Subject: Re: Software architecture matters (was Re: Free software businesses)
From: Thomas Lord <lord@emf.net>
Date: Wed, 06 Sep 2006 11:52:30 -0700

Kragen Javier Sitaker wrote:

 > Sound interesting?

Yes.   I gather this grows out of some of your experience with
wheat, etc.


> So here's a laundry list of architectural features that support
> practical software freedom:
>
>   

People might not notice what you did.   You addressed the questions of
software architecture with respect to basic software freedoms, almost
but not quite in the same way RMS enumerates them.


    Kragen:

    1. The freedom to study a program that you use.
    2. The freedom to copy a program that you use.
    3. The freedom to modify           "
    4. The freedom to redistribute      "                  (w/ or w/out 
modifications)

    RMS:

    0. The freedom to use a program you possess, without restrictions.
    1. The freedom to study the program.
    2. The freedom to redistribute the program to help your neighbors.
    3. The freedom to modify the program (including sharing modifications
        with the public)

(With the exception of the omission of "use", your list more closely 
resembles
the structure of the GPL.)

So, enclosed is a long point by point.   Hope it's helpful and I might be
interested in learning more, perhaps off-list, about what you are planning
to work on.

-t



> 1- features that help in study:
>    a- runs on the user's machine, not on some distant server or in a
>       sealed box; that's what most of the previously cited essays are
>       about
>   

To be sure, the death of client-side computing is greatly
exaggerated, but I think you go too far in ruling out "distant
servers".

I've met and read about several projects who build one kind or
another of grid and looks to me like the prevailing bet these days
is that (node + Tb)/hours are expected to be very inexpensive
in coming years.    "Free for (limited / select) experimental or
personal use," is already happening at multiple scales.

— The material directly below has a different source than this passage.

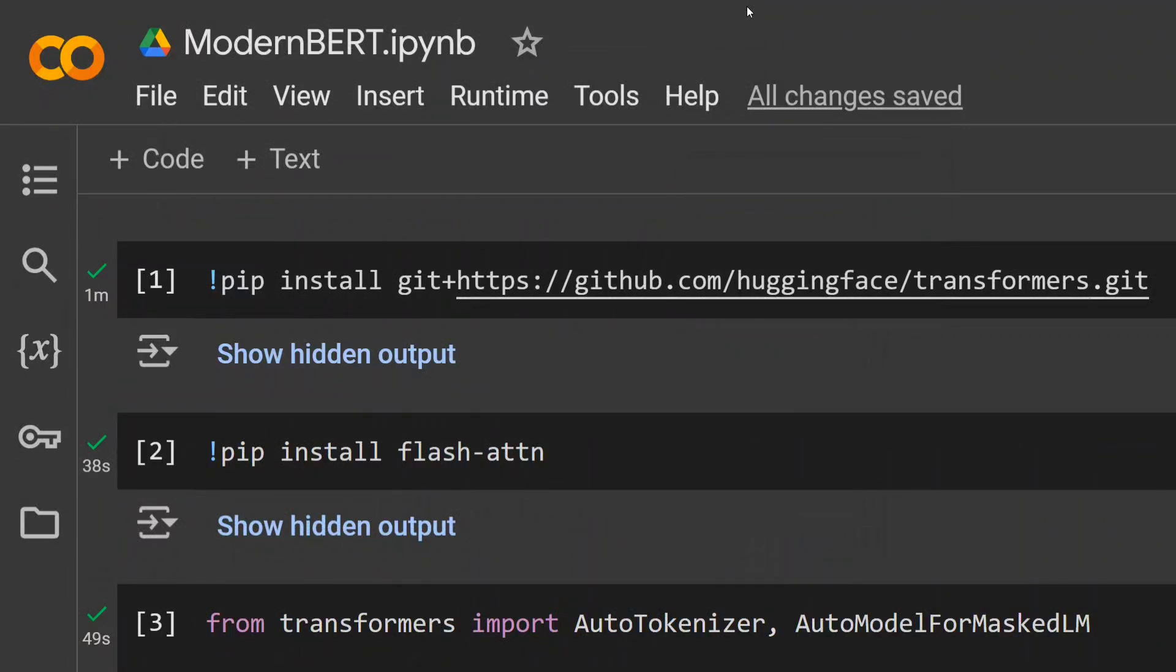Hi everyone, if you're following tech news, there's a big release in the context of BERT model, our favorite model which we've been using for text embeddings for years. A new version called ModernBERT has been released.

I think that if we value open source practices and licensing, or
anything close to them, we have to think about "distant servers"
as an important, emerging platform.

Operating at scale, with many users, applications on grid platforms
are *not* almost free (e.g,. the operating costs for Google Search).
While there are projects such as RAD (at UCB) aimed at lowering
those costs there are rather stubborn lower bounds provided by
electricity and bandwidth costs.

Even if we try to stay within the constraints of P2P supercomputing
then, at scale, we have application providers competing for what
will become a scarce resource ("screensaver hours" and bandwidth)
and the same need to monetize remains.   P2P supercomputing
has to compete against grids on price/performance and, as
that competition heats up, even the node providers want
a better rate of pay than "cool screen-saver".

So, we have this new rival resource -- commodity super-computing --
and more and more examples of how to use that platform to
manufacture profitable products.

Therefore, proprietary vendors will (continue to) concentrate hard
on the problem of monetizing services that can only run on "distant
servers".  They want to be in the business of buying up commodity
computing and bandwidth and turning a profit on services delivered
from that platform.   They have no a priori reason to respect an ideal
of maximizing the utility of client-side computing -- they'll (continue
to) intrude on traditionally client-side services.   They are pretty
much constrained to adopt "user pays" models and will often do
so in problematic ways (e.g., user payments of the form of viewing
ads or contributing data to closely-held socio-economic databases).

The good news is that developer access to this new platform is
already cheap and becoming cheaper.   The RAD vision of a
guy in his basement writing the next Google over a long weekend
is not particularly absurd.   Make a good pitch to Sun and you
can get some grid cycles.   Prices from Amazon are pretty
interesting.

The free software / open source communities have to embrace
that reality, not avoid it.

Where does that leave, say, Peru?   Well, in the short term such regions
continue to represent an opportunity for experts in providing
client-side utility, especially on modest computers.   How long will
it take unchecked, proprietary, grid-based services to remove that
opportunity?   It is not an accident that Mozilla -- a fancy terminal
emulator -- has such prominence among free software/open source
projects.

For all of us, it is foolish to neglect client-side and LAN computing
simply for reasons of survivability and perhaps ultimately for reasons
of energy efficiency.   But the food and water I stash away in preparation
for an earthquake doesn't eliminate my interests in the municipal water
system -- grids (and P2P supercomputing) aren't platforms for
open source to overlook.

>    b- interpretation (since source is more likely available) or a
>       reasonable simulacrum (as Python does)
>   

"interpretation" is an ambiguous term here and the aside about
Python just adds to my confusion.   I have no idea what you
mean by this point.


>    c- navigation tools --- go to definition, show uses; at least tag support
>   

There is a trap here unless you say "lightweight, hackable, navigation
platform" rather than "navigation tools".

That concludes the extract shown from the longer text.